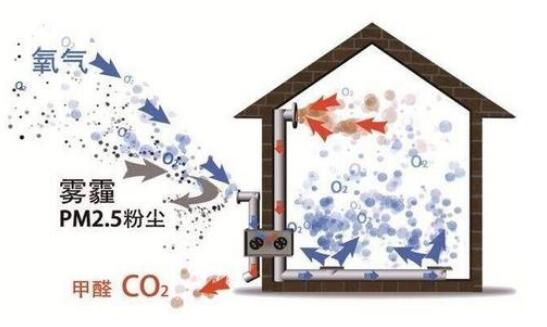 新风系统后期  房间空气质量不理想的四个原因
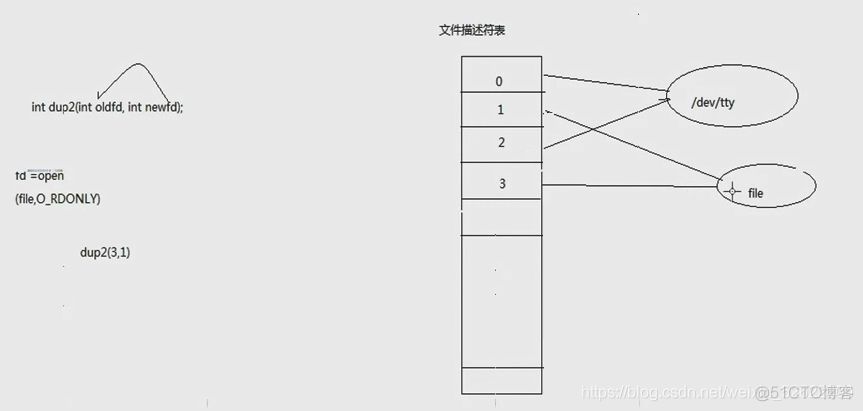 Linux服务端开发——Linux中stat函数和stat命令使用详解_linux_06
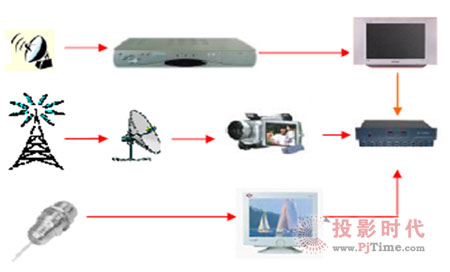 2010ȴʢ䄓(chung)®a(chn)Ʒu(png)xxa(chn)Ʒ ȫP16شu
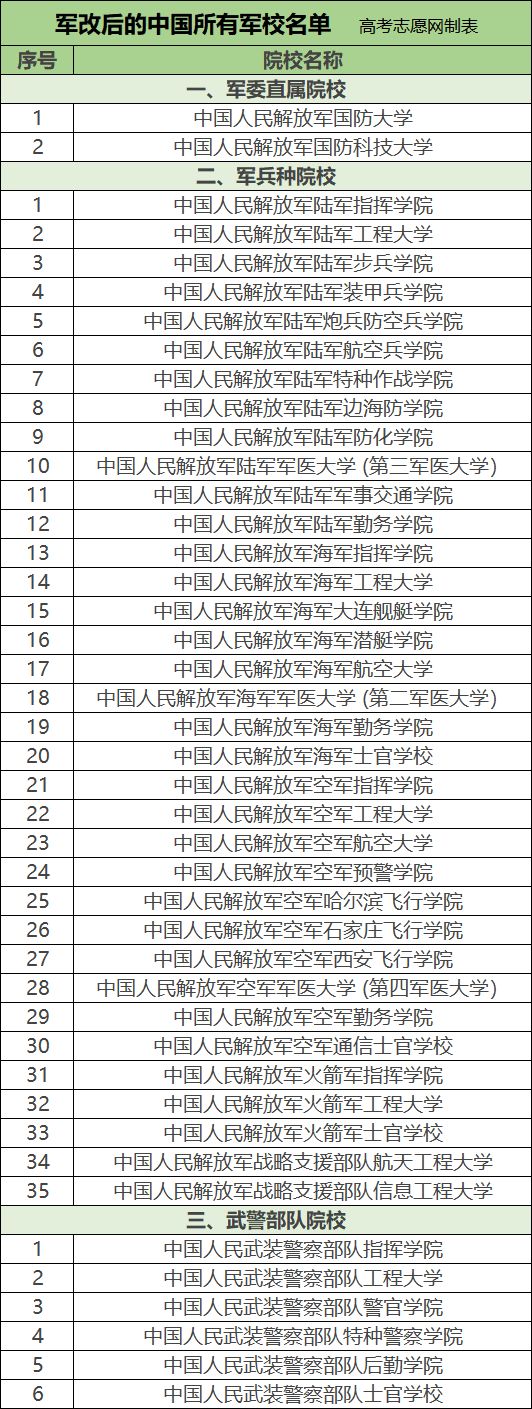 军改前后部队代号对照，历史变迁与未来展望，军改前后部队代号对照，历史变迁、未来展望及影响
==
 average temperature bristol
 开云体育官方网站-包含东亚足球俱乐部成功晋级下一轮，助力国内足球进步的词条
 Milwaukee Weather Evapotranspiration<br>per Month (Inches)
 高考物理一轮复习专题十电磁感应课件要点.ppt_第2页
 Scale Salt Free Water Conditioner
==
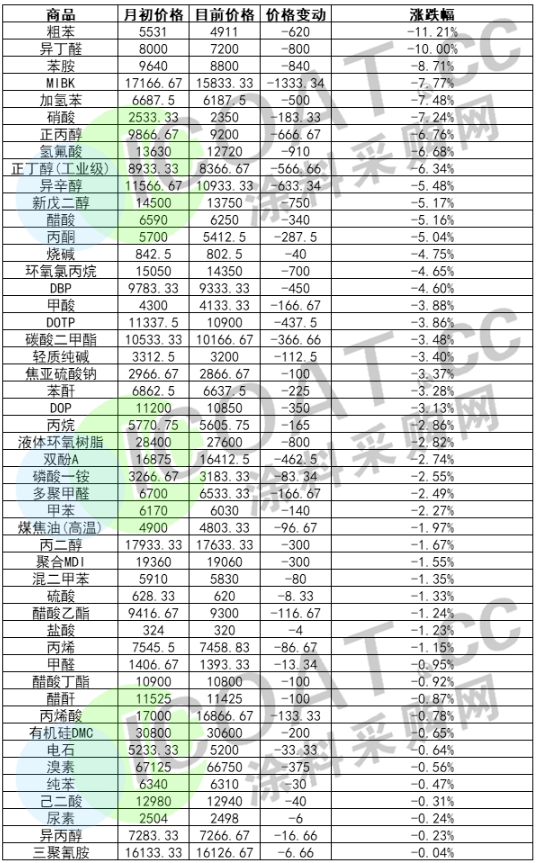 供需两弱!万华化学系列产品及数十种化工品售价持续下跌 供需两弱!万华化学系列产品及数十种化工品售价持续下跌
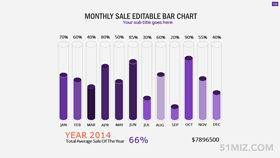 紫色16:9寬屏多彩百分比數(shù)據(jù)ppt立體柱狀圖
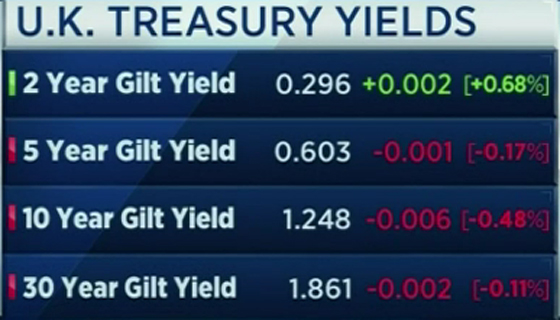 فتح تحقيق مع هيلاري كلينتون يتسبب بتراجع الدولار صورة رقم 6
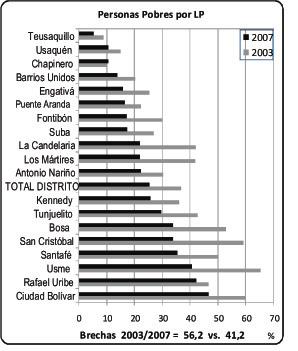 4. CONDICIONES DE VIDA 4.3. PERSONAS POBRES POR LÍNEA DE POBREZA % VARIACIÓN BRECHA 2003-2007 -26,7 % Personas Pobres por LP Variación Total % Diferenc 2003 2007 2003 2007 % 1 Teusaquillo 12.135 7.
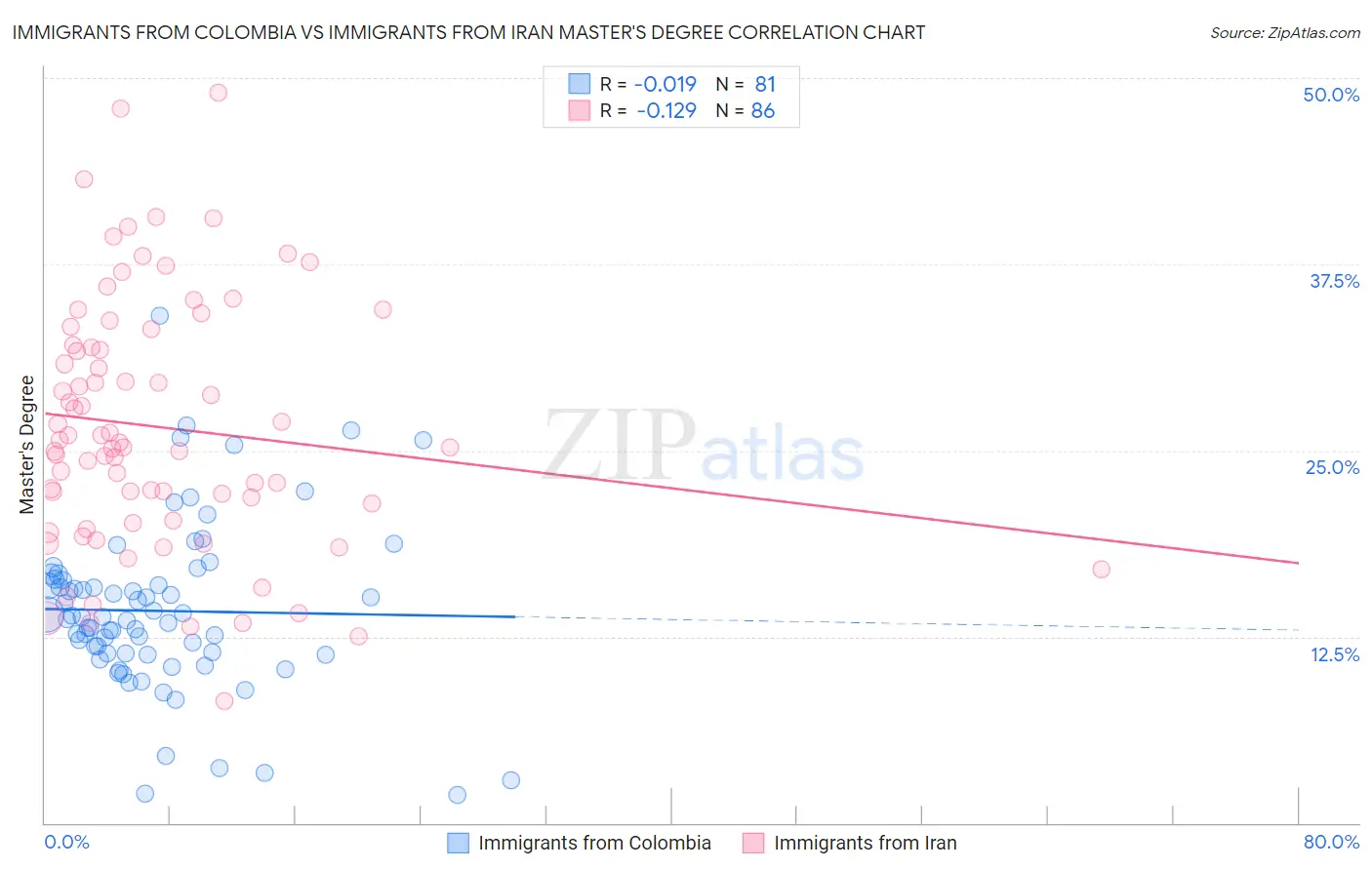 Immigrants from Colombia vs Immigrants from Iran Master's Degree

» **Exercise instructions**: Skipping every picture, transcribe exactly the lines above from the one containing "紫色16:9寬屏多彩百分比數(shù)據(jù)ppt立體柱狀圖" through the one containing "Immigrants from Colombia", both included.

» **Expected output**:
 紫色16:9寬屏多彩百分比數(shù)據(jù)ppt立體柱狀圖
 فتح تحقيق مع هيلاري كلينتون يتسبب بتراجع الدولار صورة رقم 6
 4. CONDICIONES DE VIDA 4.3. PERSONAS POBRES POR LÍNEA DE POBREZA % VARIACIÓN BRECHA 2003-2007 -26,7 % Personas Pobres por LP Variación Total % Diferenc 2003 2007 2003 2007 % 1 Teusaquillo 12.135 7.
 Immigrants from Colombia vs Immigrants from Iran Master's Degree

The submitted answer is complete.